In our Phase 1 application, we described an endothelial specific receptor, Robo4, that is expressed in mature vessels and is upregulated following endothelial injury. Robo4, following activation by its protein ligand, Slit2, reduces agonist induced vascular leak in vitro and in vivo. We provided evidence of Slit2's efficacy in animal models of acute lung injury and described the limitations of Slit2 as an actual therapy due to challenges in protein purification and its inherent instability. The overall objective stated in our Phase 1 application was to develop a new class of biologic agent to block the noncardiac pulmonary edema of ALI/ARDs.
Our specific aims were to identify a more stable, more easily purified fragment of Slit2 and to test this fragment in in vitro and in vivo models of acute lung injury. We accomplished these aims with a fragment we will refer to as SlitD1-D2Fc and now propose to advance its development by completing the steps necessary to transition from laboratory to larger-scale production and advancing animal testing for safety, dosing, and efficacy.
Our specific aims are:
Aim 1 : Establish a stable cell line and develop a master cell bank for larger-scale production of recombinant Slit2D1-D2Fc;
Aim 2 : Convert pilot purification methods to process appropriate for larger scale production of Slit2D1-D2Fc;
and Aim 3 : Conduct initial pharmacokinetics and safety testing for Slit2D1-D2Fc in rodents and optimize dosing regimens in murine models of endotoxin-induced ALI and systemic sepsis, a condition that often presents with acute lung injury/acute respiratory distress. The primary milestone for our Phase 1 project was the identification of a stable fragment of Slit2 that would lend itself more easily to purification. This has been accomplished with Slit2D1-D2Fc. Furthermore, we advanced our understanding of the mode of action of Robo4 receptor antagonists and our confidence in their efficacy in multiple models of acute lung injury and sepsis, including mortality reduction in animals infected with the H5N1 virus. These studies suggest that activation of Robo4 may provide a common platform for treating multiple infectious agents ranging from endotoxin exposure and gram-negative sepsis to pandemic influenza. Our objective now is to advance the development of SlitD1-D2Fc to the point that it can be transitioned to an outside manufacturer, prove its safety, confirm our hypotheses regarding dosing, and illustrate efficacy in treating both ALI/ARDS and sepsis, conditions that often present hand in hand. Simply put, our objective for this Phase 2 project is to advance SlitD1-D2Fc to lay the foundation for an IND application.

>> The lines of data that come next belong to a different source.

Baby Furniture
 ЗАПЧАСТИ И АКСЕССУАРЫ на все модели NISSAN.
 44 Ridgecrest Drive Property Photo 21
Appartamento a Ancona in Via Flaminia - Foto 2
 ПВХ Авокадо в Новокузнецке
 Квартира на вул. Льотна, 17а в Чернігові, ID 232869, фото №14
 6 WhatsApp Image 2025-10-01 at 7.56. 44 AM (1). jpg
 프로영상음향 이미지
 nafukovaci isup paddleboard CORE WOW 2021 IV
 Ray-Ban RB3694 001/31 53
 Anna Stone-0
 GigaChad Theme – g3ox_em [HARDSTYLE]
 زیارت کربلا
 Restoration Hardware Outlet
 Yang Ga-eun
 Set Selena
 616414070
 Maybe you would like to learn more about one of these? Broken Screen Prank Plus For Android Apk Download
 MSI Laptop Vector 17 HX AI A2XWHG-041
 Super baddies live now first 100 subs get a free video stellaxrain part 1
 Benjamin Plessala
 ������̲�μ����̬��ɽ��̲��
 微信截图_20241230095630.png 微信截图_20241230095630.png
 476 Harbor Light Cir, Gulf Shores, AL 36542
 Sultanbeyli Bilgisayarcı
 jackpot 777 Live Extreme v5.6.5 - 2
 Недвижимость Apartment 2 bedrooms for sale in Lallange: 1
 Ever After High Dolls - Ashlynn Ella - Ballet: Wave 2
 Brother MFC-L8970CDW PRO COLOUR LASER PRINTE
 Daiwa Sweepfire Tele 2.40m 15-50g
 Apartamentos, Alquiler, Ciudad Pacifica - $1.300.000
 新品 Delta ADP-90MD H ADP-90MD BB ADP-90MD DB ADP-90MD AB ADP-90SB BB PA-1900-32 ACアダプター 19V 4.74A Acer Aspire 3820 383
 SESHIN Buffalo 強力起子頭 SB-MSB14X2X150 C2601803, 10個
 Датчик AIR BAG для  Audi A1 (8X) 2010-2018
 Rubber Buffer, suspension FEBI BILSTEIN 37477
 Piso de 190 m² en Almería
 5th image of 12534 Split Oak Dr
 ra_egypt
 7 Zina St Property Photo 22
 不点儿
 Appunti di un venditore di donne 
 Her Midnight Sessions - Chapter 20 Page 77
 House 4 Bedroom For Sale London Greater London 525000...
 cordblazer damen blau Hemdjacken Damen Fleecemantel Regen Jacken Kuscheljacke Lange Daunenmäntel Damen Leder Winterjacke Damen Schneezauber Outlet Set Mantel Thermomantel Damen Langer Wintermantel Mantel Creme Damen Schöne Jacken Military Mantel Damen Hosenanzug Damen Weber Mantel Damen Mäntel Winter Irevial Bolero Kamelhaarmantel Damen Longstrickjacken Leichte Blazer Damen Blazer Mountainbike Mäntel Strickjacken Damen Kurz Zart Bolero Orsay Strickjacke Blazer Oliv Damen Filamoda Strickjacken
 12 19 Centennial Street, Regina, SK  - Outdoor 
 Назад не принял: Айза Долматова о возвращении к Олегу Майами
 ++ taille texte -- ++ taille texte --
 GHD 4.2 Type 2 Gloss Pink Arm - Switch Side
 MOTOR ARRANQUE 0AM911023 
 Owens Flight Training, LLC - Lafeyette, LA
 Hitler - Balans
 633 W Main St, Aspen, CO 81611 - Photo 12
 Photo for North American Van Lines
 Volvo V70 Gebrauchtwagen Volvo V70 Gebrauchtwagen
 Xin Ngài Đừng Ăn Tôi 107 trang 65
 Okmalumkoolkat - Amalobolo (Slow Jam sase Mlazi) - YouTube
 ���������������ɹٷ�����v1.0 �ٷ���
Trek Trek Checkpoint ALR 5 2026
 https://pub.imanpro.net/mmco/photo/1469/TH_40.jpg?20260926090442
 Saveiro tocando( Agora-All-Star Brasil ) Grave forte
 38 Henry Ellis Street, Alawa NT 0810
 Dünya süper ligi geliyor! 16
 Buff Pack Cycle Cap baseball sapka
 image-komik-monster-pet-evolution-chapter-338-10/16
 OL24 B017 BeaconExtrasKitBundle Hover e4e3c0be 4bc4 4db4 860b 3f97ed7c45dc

Acute lung injury (ALI) and acute respiratory distress syndrome (ARDS) result from a common pathogenic process: pulmonary injury and infection trigger an inflammatory response that results in the release of growth factors and cytokines that increase endothelial and epithelial permeability, permit efflux of inflammatory cells, protein and water from the vascular system into the alveolar space, and suffocate the patient. Slit2D1-D2Fc prevents the increase in endothelial and epithelial permeability and halts the course of events leading to death.